The output from FreeBayes (VCF-file) was used as input for POGENOM (https://github.com/EnvGen/POGENOM), a Perl-based tool that enables population-genomic analysis of metagenome samples. POGENOM was used to calculate the intra-population nucleotide diversity (π), which is defined as the average number of nucleotide differences per site between any two sequence reads chosen randomly from the sample population (0 ≤ π < 1). When reads of two or more samples mapped with sufficient coverage to the same genome, the fixation index (FST) was calculated, reflecting the population differentiation between a pair of samples. FST is defined as one minus the average intra-population diversity of the samples divided by the nucleotide diversity between the samples (inter-population diversity). POGENOM was tuned to include only the loci recovered in all samples mapped to the same reference genome, assuring a valid comparison of the intra-species variation.

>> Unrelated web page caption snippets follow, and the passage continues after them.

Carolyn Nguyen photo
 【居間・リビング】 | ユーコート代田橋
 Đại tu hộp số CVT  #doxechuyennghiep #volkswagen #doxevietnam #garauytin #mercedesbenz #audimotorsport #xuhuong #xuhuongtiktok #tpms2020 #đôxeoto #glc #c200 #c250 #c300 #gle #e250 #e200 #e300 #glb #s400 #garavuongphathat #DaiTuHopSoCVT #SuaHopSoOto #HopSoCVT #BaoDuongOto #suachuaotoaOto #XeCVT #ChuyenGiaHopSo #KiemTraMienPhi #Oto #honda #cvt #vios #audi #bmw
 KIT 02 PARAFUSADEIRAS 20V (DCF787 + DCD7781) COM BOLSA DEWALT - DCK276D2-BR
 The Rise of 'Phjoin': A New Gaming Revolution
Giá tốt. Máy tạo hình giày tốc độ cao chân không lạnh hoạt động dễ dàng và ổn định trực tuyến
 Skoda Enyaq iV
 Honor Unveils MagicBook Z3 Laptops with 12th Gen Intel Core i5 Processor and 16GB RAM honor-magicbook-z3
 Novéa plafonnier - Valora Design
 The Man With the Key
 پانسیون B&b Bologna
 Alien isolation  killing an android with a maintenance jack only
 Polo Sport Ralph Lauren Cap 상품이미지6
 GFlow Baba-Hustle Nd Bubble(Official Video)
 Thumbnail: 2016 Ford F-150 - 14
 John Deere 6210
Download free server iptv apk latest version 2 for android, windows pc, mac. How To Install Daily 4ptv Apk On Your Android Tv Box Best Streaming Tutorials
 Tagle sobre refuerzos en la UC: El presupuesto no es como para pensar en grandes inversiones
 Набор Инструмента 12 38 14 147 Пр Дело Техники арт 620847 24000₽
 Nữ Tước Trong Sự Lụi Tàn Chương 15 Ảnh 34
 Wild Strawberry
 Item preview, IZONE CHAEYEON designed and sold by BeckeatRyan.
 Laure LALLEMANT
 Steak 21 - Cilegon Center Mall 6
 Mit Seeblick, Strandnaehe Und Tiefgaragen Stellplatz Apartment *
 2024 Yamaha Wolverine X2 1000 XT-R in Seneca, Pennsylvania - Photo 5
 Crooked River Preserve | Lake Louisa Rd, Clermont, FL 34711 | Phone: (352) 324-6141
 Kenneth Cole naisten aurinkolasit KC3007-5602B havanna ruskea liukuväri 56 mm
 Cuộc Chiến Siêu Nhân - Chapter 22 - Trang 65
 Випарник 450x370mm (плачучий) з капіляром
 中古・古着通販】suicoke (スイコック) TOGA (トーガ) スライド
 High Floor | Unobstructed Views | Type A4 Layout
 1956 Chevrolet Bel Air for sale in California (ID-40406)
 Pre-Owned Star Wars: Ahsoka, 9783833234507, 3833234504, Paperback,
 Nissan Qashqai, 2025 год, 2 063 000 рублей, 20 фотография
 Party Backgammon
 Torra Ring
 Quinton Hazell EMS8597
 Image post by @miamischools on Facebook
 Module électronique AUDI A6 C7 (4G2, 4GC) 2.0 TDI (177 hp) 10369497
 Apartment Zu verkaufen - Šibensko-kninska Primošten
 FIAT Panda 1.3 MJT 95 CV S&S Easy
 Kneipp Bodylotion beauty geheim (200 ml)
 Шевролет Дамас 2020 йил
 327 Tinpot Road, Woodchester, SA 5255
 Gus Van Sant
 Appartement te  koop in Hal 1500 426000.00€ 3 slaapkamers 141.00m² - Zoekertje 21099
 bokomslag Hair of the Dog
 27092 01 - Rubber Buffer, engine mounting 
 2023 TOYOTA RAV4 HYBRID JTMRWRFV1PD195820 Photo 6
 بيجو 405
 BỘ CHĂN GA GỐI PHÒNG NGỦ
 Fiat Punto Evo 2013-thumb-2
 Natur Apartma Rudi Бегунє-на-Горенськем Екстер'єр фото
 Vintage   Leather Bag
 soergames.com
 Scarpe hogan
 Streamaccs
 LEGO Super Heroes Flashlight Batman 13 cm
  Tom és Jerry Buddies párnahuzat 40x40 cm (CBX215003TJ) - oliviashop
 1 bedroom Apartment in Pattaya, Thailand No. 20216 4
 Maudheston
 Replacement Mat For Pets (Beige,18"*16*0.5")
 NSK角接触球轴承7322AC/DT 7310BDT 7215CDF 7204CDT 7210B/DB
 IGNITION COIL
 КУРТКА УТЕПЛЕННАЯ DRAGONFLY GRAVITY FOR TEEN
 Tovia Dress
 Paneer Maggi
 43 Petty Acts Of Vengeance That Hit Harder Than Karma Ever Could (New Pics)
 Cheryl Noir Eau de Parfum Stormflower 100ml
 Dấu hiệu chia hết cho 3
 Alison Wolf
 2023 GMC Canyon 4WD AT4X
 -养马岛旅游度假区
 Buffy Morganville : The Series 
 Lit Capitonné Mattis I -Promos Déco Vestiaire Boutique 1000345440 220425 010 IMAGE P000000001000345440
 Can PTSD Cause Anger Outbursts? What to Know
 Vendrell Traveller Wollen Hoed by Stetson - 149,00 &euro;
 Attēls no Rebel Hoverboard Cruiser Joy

Processing of amplicon sequencing data

Analysis of the 16S rRNA gene amplicon sequences was performed with NG-Tax27, with default parameters. Operational taxonomic units (OTUs) were assigned to the taxonomy in an open reference approach, using USEARCH69 against the SILVA70 16S rRNA gene amplicon reference database (version 128; Supplementary Data 6). To exclude sequencing artefacts, only dominant phylotypes were examined by removing OTUs that were represented by fewer than 10 reads in the study samples.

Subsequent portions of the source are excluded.